When did we “pathologize” weather? When did commonplace weather become abnormal? The debates over the past and future of anthropogenic climate change are of great importance (climate change is ubiquitous in history). But the news increasingly describes normal weather as a kind of plague, something to fear.

For example see “El Niño, explained: A guide to the biggest weather story of 2015” by Brad Plummer at Vox. Plummer’s perspective is clearly stated by his tagline: “On the apocalypse beat, more or less.” His article is a masterpiece of propaganda, creating fear to advance his public policy agenda. A few excerpts, matched with reality, tell the tale.

“Now it looks like we’re in for a monster. The El Niño currently brewing in the Pacific is shaping up to be one of the strongest ever recorded.”

Plummer links to a page by the World Meteorological Organization, which gives different message. Their forecast is “placing this El Niño event among the three strongest previous events since 1950 (1972-73, 1982-83, 1997-98).” Plummer says “strongest ever recorded”, which suggests a long-term record. Unlike saying one of the four strongest since 1950, which is not alarming.

“El Niño has already helped make 2015 the hottest year on record …”

Plummer links to a NOAA page which says that September was a record, “beating the previous record set last year by 0.07°C (0.13°F) — and that the first nine months of 2015 were a record “surpassing the previous records of 2010 and 2014 by 0.12°C (0.21°F).” Neither of these tiny increments are statistically significant, especially given the uncertainty of temperature records assembled by each nation (many weather agencies are grossly underfunded).

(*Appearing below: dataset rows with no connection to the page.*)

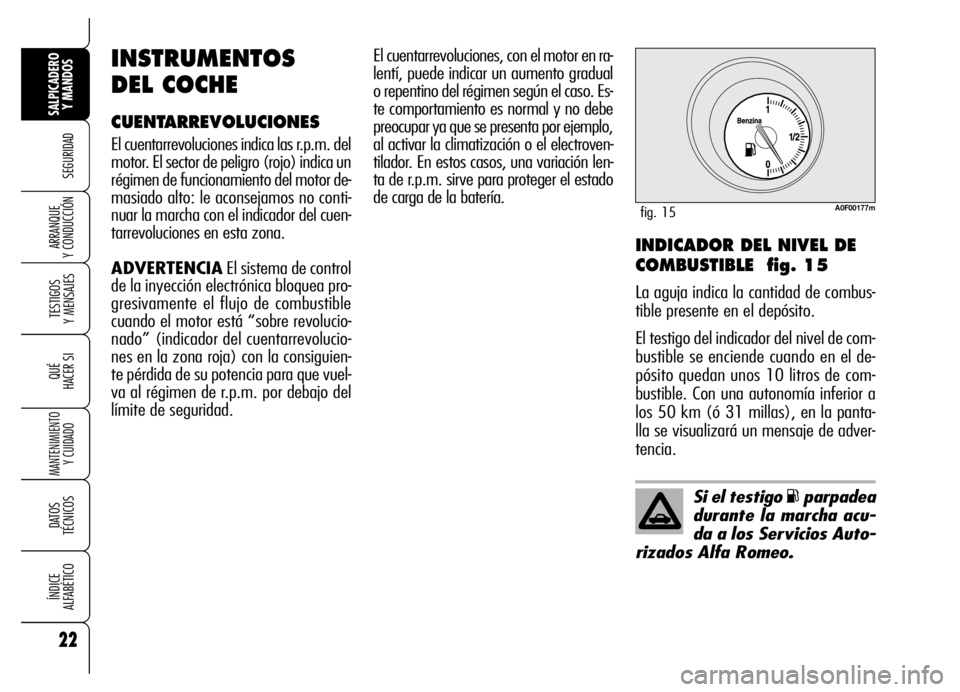 Alfa Romeo Brera/Spider 2006 Manual de Empleo y Cuidado (in Spanish) 22
SEGURIDAD
TESTIGOS
Y MENSAJES
QUÉ
HACER SI
MANTENIMIENTO
Y CUIDADO
DATOS
TÉCNICOS
ÍNDICE
ALFABÉTICO
SALPICADERO
Y MANDOS
ARRANQUE
Y CONDUCCIÓNINDICADOR DEL NIVEL DE
COMBUSTIBLE fig. 15
L Alfa Romeo Brera/Spider 2006 Manual de Empleo y Cuidado (in Spanish) 22
SEGURIDAD
TESTIGOS
Y MENSAJES
QUÉ
HACER SI
MANTENIMIENTO
Y CUIDADO
DATOS
TÉCNICOS
ÍNDICE
ALFABÉTICO
SALPICADERO
Y MANDOS
ARRANQUE
Y CONDUCCIÓNINDICADOR DEL NIVEL DE
COMBUSTIBLE fig. 15
L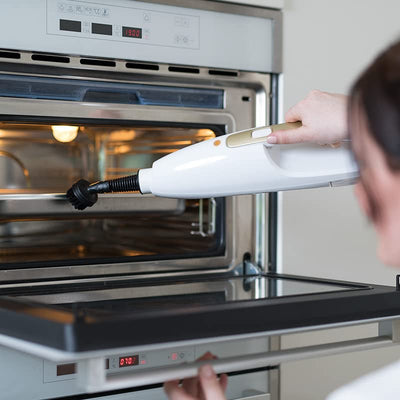 LIVINGTON Prime Steam Mop – Dampfbesen mit Knickgelenk für schwer erreichbare Stellen – vielseitiger Dampfreiniger zur Reinigung von Böden, Polstern und mehr - für schonende Bodenreinigung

Alarmists ran this scam with the 2014 “record” high. NOAA said 2014 had a 48% probability of being the warmest of the past 135 years, meaning “more unlikely than likely” (NASA gave it a 38% probability).

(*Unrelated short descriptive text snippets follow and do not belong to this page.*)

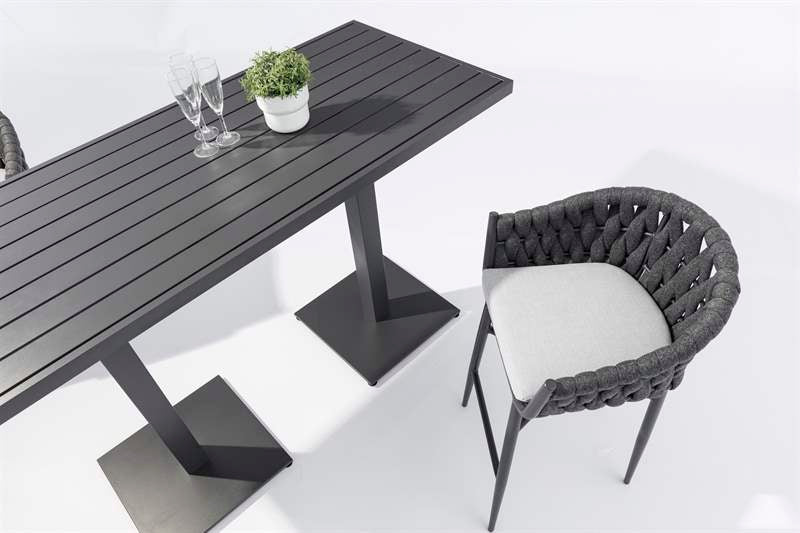 Mesa alta bar Orick 160x70 cm aluminio antracita. | Kubu #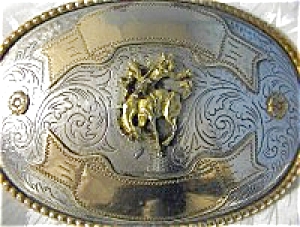 Huge German Silver Buckin Bronco Belt Buckle.
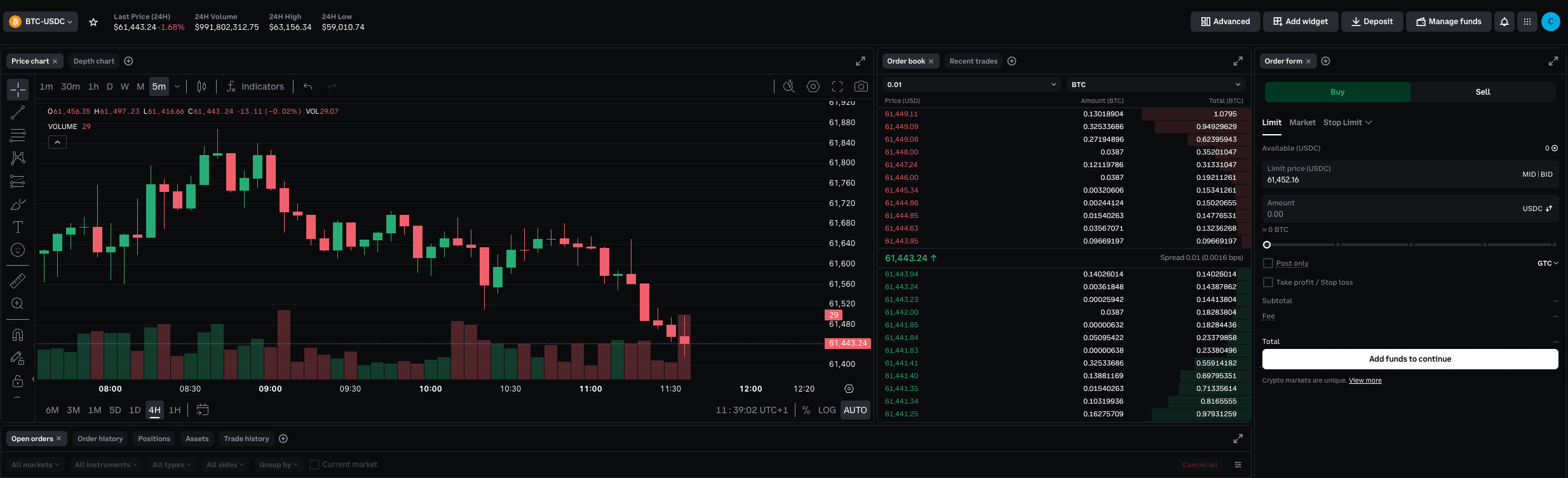 Coinbase Web Interface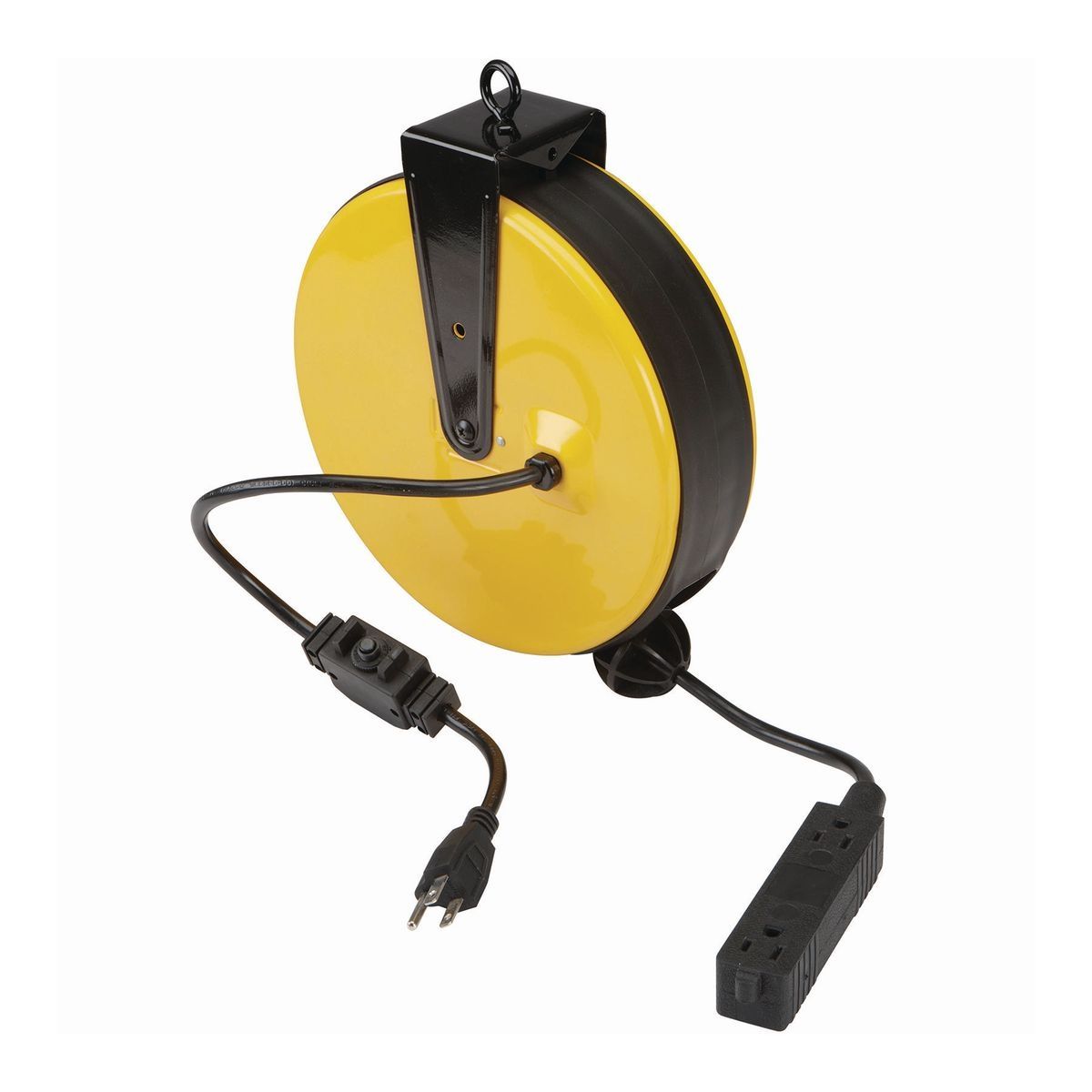 HFT 30 ft. Retractable Cord Reel with Triple Tap, Black P94639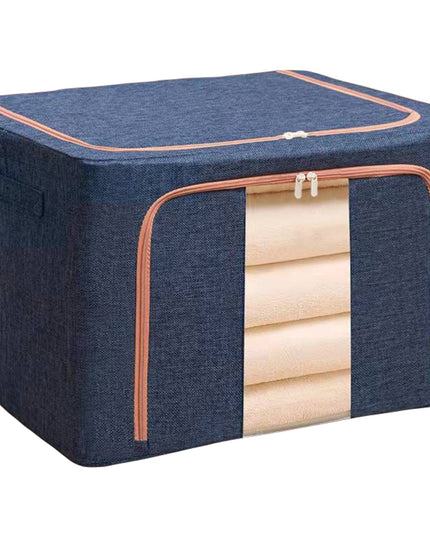 de depozitare pliabila, Cu fermoar, 100 L, Textil,Cadru Metalic, Suport Baza Stabil din Plastic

Also, neither of the two NASA-funded global satellite datasets shows record high temperatures in the lower troposphere (by Remote Sensing Systems and U AL-Huntsville).

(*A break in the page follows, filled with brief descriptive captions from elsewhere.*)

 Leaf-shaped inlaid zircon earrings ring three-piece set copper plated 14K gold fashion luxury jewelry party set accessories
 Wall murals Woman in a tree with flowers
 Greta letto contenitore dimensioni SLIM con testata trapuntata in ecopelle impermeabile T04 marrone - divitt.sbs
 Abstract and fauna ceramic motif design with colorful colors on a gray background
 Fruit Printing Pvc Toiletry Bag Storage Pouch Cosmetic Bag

To put this in a larger context, the world has been warming over the entire 136 year-long temperature record — and “human activities caused more than half of the observed increase in global mean surface temperature from 1951 to 2010” (from AR5).  It remains a point of debate if the world is warmer than during other warm spells during the past 3 thousand years.

“The last truly massive El Niño appeared in 1997-’98 and ended up causing an estimated $35 billion in destruction and 23,000 deaths around the world. “

This is a tactic loved by activists of Left and Right, stating a large scary number without context. The world had an annual income (GDP) of $107 trillion (PPP) in 2014. $35 billion is 0.03% of that — probably a small fraction of the destruction from an average winter (see this about US-only weather losses). As for the deaths, influenza kills 250,000 to 500,000 every year.

Rather than continue wading through this article, let’s ask a more interesting question.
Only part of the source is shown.